Two weeks before the election, Citizens Against Rent Control sought and obtained a temporary restraining order prohibiting enforcement of §§ 602 and 604. The ballot measure relating to rent control was defeated. The Superior Court subsequently granted Citizens Against Rent Control's motion for summary judgment, declaring that § 602 was invalid on its face because it violated the First Amendment of the United States Constitution and Art. I, § 2, of the California Constitution. A panel of the California Court of Appeal unanimously affirmed that conclusion.

The California Supreme Court, dividing 4-3, reversed. Citing Buckley v. Valeo, 424 U.S. 1 (1976), the majority announced that it would strictly scrutinize § 602. It concluded that the section furthered compelling governmental interests because it ensured that special interest groups could not "corrupt" the initiative process by spending large amounts to support or oppose a ballot measure. Such corruption, the court found, could produce apathetic voters; these governmental interests were held to outweigh the First Amendment interests infringed upon. Finally, it concluded that § 602 accomplished its goal by the least restrictive means available.

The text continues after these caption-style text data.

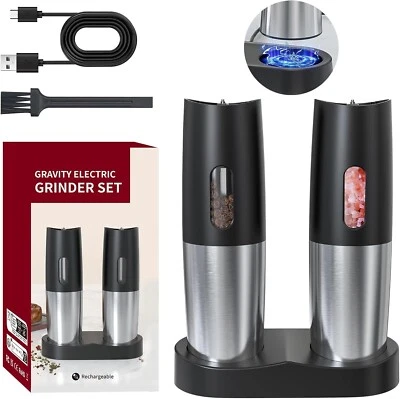 Electric Salt and Pepper Grinder Set Rechargeable Base Automatic Gravity Grinder - Image 1 of 4
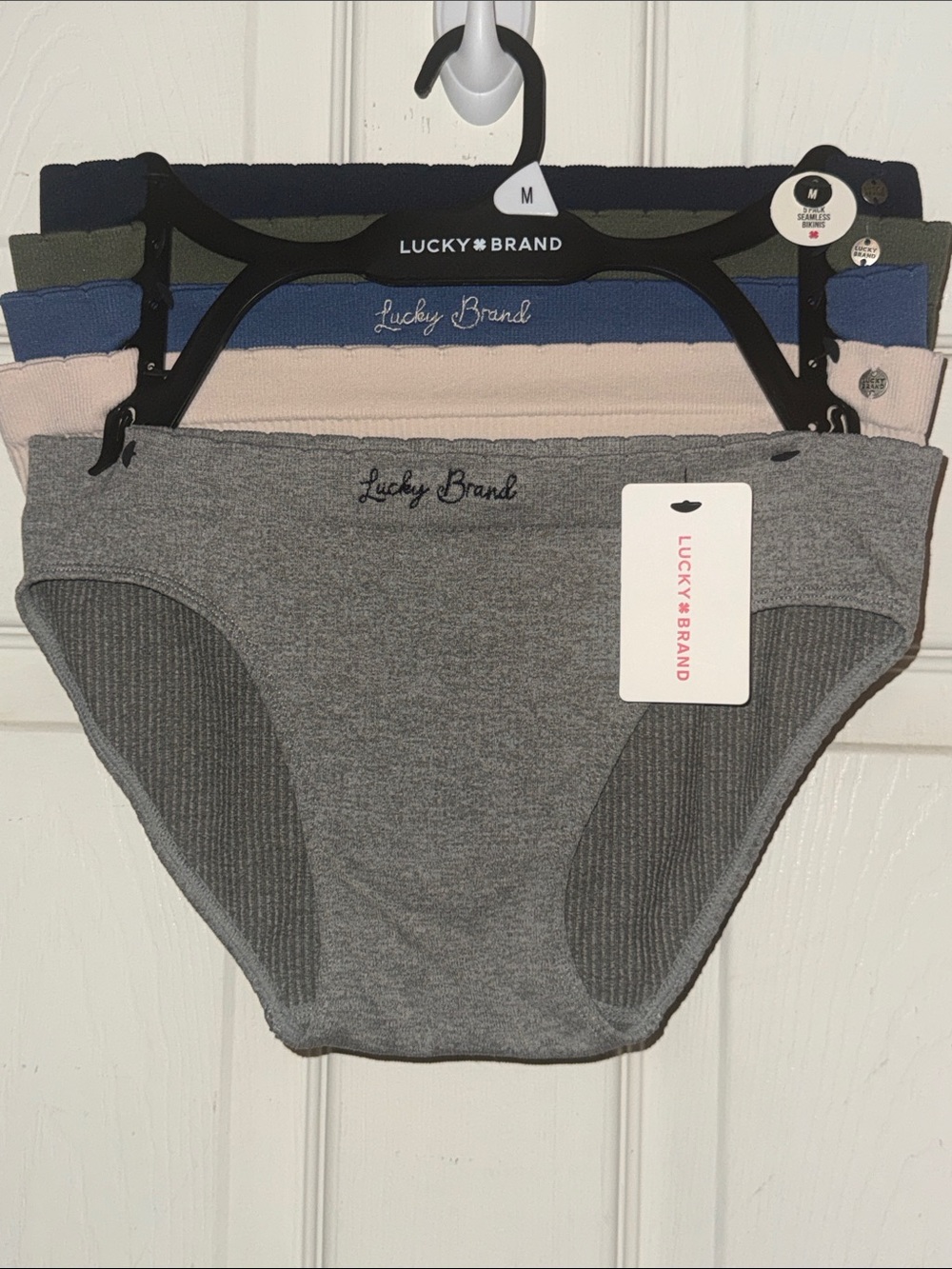 Lucky Brand Girls' 5-Pack Briefs - Gray, Navy, Olive, Blue, Blush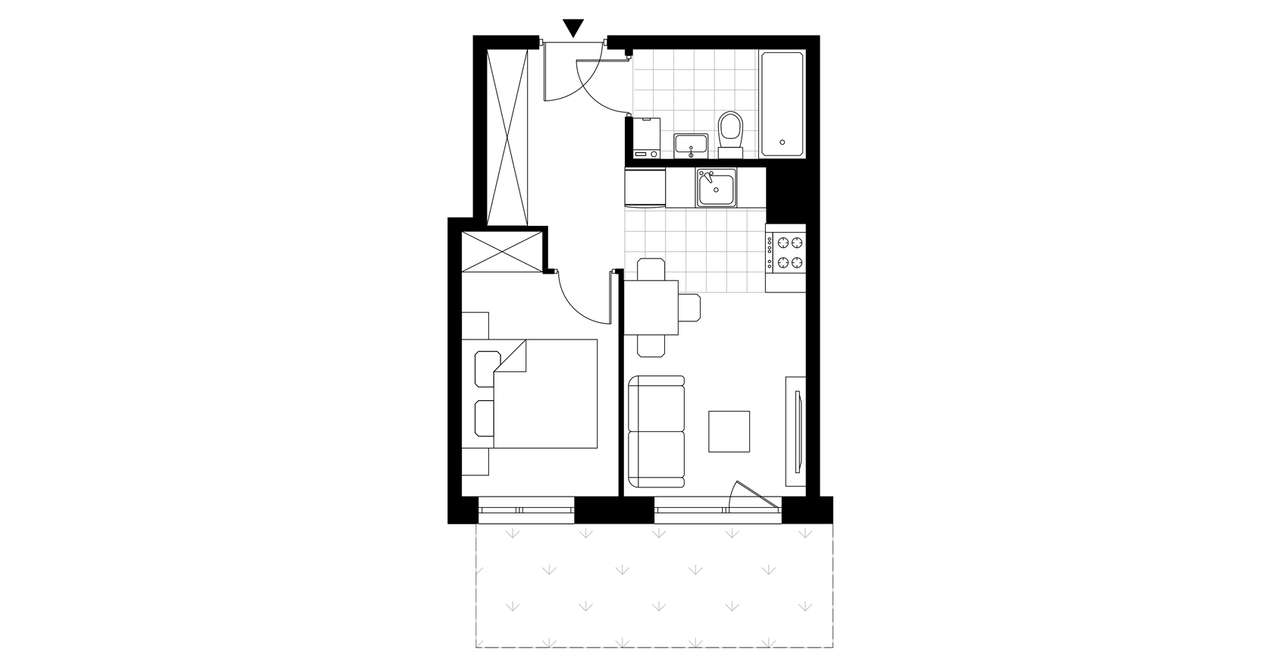 2-pokojowe mieszkanie 38m2 + ogródek - Pełny obrazek: 3/8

We noted probable jurisdiction, and we reverse.

II

We begin by recalling that the practice of persons sharing common views banding together to achieve a common end is deeply embedded in the American political process. The 18th-century Committees of Correspondence and the pamphleteers were early examples of this phenomena and the Federalist Papers were perhaps the most significant and lasting example. The tradition of volunteer committees for collective action has manifested itself in myriad community and public activities; in the political process it can focus on a candidate or on a ballot measure. Its value is that by collective effort individuals can make their views known, when, individually, their voices would be faint or lost.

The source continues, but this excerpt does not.